L'accordo di massima uscito dal vertice ABC sulle riforme istituzionali e la nuova legge elettorale dovrebbe scongiurare l'ipotesi di elezioni anticipate a ottobre, verso cui secondo qualche retroscenista spingerebbe il Pd, quindi allungare la vita del governo Monti e addirittura gettare le basi per una Grande Coalizione "montiana" nel 2013. Ma allo stesso tempo proprio quell'accordo conferma il ritorno dei partiti, con tutti i rischi che ne derivano per le riforme. Monti potrebbe aver esaurito la sua spinta riformatrice. D'altronde, appariva chiaro già a novembre come la stagione delle riforme, quella in cui le forze politiche e sociali sarebbero state disposte a ingoiare qualsiasi cosa, sotto la minaccia default, non sarebbe andata oltre l'inverno, marzo al massimo.

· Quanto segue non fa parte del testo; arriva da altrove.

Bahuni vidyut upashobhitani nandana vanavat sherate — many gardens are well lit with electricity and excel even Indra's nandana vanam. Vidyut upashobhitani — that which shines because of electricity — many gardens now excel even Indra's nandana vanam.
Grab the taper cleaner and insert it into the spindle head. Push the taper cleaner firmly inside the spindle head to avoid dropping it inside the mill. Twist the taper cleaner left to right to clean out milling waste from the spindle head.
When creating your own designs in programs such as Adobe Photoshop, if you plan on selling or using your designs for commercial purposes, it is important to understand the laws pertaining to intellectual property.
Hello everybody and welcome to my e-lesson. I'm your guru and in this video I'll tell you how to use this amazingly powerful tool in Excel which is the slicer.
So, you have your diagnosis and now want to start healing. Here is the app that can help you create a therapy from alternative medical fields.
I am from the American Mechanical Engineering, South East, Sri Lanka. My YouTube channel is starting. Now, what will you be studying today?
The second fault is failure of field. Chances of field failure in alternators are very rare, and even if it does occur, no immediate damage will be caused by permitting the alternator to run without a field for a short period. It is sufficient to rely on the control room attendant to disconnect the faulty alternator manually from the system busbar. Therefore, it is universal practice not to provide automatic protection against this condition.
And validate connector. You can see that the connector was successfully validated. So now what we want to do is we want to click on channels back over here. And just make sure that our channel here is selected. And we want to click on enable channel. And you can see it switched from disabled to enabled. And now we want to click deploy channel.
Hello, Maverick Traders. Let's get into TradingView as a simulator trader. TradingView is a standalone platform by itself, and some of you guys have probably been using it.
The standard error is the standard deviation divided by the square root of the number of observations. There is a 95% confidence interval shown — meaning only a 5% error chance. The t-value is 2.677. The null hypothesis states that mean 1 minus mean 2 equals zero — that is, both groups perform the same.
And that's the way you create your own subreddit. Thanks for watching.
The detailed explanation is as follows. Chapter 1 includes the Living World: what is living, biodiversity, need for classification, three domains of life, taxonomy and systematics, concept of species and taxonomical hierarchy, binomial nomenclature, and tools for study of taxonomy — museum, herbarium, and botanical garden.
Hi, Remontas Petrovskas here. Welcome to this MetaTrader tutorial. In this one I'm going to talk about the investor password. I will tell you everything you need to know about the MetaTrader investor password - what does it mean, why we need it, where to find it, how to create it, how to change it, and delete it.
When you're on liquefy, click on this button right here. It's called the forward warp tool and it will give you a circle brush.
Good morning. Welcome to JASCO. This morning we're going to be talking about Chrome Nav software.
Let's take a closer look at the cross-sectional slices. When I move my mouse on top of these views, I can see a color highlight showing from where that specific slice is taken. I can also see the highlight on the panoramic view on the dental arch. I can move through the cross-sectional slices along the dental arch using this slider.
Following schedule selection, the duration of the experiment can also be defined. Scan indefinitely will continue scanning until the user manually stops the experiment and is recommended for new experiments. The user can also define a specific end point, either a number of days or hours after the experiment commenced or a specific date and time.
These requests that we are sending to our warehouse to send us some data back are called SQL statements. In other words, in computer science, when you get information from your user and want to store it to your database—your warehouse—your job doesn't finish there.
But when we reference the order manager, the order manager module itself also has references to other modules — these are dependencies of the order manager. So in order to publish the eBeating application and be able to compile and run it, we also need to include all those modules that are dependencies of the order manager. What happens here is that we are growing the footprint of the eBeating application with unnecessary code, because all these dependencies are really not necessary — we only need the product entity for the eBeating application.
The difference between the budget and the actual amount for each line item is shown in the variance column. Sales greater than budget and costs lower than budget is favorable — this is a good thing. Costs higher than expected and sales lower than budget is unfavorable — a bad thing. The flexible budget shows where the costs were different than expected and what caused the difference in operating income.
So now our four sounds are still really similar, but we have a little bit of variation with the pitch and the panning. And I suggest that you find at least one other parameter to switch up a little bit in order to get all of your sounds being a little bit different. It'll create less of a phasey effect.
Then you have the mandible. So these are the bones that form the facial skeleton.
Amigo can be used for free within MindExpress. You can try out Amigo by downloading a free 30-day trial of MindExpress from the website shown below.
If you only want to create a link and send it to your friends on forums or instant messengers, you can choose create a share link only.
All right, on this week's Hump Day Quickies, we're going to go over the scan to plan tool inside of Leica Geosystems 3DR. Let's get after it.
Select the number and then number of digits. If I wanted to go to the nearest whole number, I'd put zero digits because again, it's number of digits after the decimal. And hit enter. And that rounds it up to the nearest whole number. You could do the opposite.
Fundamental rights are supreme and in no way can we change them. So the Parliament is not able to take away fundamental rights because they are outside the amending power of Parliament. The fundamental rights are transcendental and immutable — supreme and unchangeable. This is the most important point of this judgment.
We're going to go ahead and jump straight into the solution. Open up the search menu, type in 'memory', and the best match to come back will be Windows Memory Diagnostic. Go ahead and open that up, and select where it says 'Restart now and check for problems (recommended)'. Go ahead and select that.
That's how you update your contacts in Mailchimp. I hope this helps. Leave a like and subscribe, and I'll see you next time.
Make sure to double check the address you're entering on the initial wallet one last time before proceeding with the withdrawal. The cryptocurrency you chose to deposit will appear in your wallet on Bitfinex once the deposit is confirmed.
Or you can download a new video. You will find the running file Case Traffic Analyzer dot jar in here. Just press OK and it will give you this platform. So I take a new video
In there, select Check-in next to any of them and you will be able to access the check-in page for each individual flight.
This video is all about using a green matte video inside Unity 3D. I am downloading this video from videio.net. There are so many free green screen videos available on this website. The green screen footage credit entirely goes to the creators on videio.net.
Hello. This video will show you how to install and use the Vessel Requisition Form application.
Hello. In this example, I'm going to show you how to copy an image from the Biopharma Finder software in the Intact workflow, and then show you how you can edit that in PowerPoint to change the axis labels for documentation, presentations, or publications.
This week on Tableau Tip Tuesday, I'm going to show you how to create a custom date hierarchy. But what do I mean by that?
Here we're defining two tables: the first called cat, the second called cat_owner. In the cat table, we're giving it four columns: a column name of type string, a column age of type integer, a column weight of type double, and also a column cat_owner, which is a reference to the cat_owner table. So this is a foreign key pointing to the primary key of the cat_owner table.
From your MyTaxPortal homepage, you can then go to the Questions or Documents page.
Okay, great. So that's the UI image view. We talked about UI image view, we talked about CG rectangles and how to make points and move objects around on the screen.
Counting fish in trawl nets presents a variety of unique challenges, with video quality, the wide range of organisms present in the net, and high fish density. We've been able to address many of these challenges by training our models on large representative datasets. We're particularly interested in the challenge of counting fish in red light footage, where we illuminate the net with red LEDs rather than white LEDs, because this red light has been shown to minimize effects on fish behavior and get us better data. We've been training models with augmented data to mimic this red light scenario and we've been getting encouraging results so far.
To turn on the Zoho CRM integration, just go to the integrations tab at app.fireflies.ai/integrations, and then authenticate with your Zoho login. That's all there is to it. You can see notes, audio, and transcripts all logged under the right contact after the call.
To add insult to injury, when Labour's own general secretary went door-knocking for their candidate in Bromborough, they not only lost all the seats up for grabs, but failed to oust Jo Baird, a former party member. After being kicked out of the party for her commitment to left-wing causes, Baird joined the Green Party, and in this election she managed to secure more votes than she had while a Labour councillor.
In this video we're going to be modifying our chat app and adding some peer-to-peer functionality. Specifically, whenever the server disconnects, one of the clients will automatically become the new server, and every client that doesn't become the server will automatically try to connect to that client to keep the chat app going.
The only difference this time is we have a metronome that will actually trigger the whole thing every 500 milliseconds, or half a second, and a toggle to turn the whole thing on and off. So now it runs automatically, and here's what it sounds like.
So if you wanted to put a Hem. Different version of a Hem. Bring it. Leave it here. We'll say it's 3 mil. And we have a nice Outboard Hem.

Il bottino è ancora piuttosto magro: completamento della riforma delle pensioni; liberalizzazioni all'acqua di rose o da attuare; riforma del lavoro in alto mare. Il rischio è che a conti fatti il merito maggiore di Monti sia il tour "Investi-Italia" nelle tre principali piazze azionarie del pianeta (la City, Wall Street e il Nikkei) per convincere i grandi investitori a tornare ad investire sull'Italia, forte della credibilità internazionale senza pari di cui il premier gode agli occhi della stampa della business community, della Casa Bianca e di istituzioni come Ue e Ocse.

Se l'irrigidimento del Pd sull'articolo 18 è solo campagna elettorale, o il grimaldello per indurre Monti a lasciare e tentare una "rivoluzione d'ottobre", lo scopriremo solo dopo il voto amministrativo. Di certo a fine luglio sul reintegro qualcuno dovrà cedere. Ma lo scontro sulla riforma del lavoro è sintomatico del paradosso della politica italiana. La riforma è di stampo socialdemocratico: costosa e punitiva sulla flessibilità in entrata, cede alla retorica della "lotta alla precarietà", mentre cerca una soluzione appena più realistica di quella attuale sui licenziamenti e gli ammortizzatori. A lamentarsene dovrebbe essere il Pdl, la cui politica economica però è di marchio cristiano-socialista. Invece è attaccata da sinistra. Nessun partito nello spettro politico italiano fa propria una posizione liberale. Il che implicherebbe sostenere apertamente, pubblicamente, senza sudditanza culturale, che il lavoro non è un diritto, ma una merce, sotto forma di prestazione d'opera; che, come per tutte le merci, prezzi e condizioni sono regolati dalla domanda e dall'offerta. E, quindi, denunciare una Costituzione collettivista che affermando il contrario condanna questo Paese ad una vera e propria tara ideologica e giuridica, che impedisce ai governi di mettere a punto (e ai cittadini di accettare) un assetto compatibile con i più elementari e nient'affatto "selvaggi" principi di una normale economia di mercato.

Dunque, l'offerta politica italiana consiste da una parte in una socialdemocrazia riformista, responsabile, che nelle sue diverse declinazioni (governo Monti-Fornero, Pdl, Terzo polo e una parte minoritaria del Pd) tenta di apportare correttivi al sistema ma senza intaccare il perimetro e il peso dello Stato, anzi con lo scopo di perpetuarlo, e dall'altra in una sorta di "partito Grecia", che spinge per la "vera" svolta a sinistra, un biglietto di sola andata verso la Grecia.

3 comments:

Anonymous said...

I nostri politici stanno incassando il denaro delle nuove tasse e il bocconiano non gli serve più,adesso bisogna vedere se Monti si farà mettere da parte come fosse un fazzoletto usato.Io penso di no anche perchè il differenziale è sempre pronto a salire.
Toni

libertyfighter said...

"Io penso di no anche perchè il differenziale è sempre pronto a salire."

Soprattutto perché a pilotarlo è il suo omonimo compagno di merende alla Goldman Sachs, Mario Draghi.

Anonymous said...

Avere amici potenti è una gran cosa,vedere l'altro amico che dichiara "L'Italia non è la Grecia"dopo una manovra che sembra fatta apposta per portarci allo stesso livello dell'Ellade ha reso bene l'idea di quanto sia importante avere qualche altolocato sempre pronto a coprirti le spalle.